Shutterbug alters and resizes your browser window so that you can take some great pictures of charming little bugs in the woods.
Dad’s broken your camera, but don’t worry, he’s set it up so that you can still take pictures using a brand new technology that’s built to scale. That’s the story behind this GMTK Game Jam 2024 entry by Rianna Suen, Dan Emmerson and Dan Pugsley (each sure-fire candidates for smartest-in-the-room). In it, you’ll resize your browser window (which does mean it’ll only work on desktop computers) and scoot it around your main screen in order to capture a great shot of the various insects and minibeasts that now roam it.
You’ll progress by taking nine photos, each of which require certain insects in them and also need the photo to be of a set type — portrait, landscape, or square. You’ll also often need to make sure that another, specific, insect doesn’t invade the shot.
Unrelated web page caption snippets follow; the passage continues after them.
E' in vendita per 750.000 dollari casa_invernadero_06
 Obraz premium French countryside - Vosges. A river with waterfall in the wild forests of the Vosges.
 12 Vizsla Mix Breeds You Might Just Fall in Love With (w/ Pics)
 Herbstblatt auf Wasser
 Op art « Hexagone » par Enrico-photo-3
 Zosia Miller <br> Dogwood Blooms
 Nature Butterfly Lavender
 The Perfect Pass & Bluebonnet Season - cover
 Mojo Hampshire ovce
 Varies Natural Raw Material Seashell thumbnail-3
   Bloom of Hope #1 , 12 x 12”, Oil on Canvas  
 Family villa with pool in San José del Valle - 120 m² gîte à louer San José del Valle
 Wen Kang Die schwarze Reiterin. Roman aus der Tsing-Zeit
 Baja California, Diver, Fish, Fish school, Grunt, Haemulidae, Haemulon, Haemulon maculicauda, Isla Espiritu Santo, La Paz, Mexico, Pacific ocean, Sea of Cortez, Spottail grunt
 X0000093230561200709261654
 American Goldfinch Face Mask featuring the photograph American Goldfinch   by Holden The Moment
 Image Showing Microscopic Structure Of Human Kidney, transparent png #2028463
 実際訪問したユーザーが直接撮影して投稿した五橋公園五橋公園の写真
What you end up with is a few minutes of you resisting the urge to try and use your mouse or keyboard to slide the browser around, instead resizing it to track down the little beasties you need – almost like you’re creating a window through your main monitor.
It’s incredibly clever, especially for the modern day, considering that, outside of games like Rusty’s Retirement, the idea of a partial desktop/window game is a novelty. It’s fantastically done, and feels both intuitive and novel, but most importantly it’s incredibly approachable and warm. There’s a familiarity in watching bugs – in studying a tiny insect world. It conjures up memories of simpler times.
I especially enjoy that, at the end, you get to see each of the pictures that you have taken. While I doubt that many people would download the photos, I’d love to think that, somewhere out there, there’s somebody sharing the game and photos with a family member or friend, excitedly chattering about how cool it is and the potential for loads of different worlds and settings for this exact kind of thing.
Shutterbug is playable now (for free) on itch.io.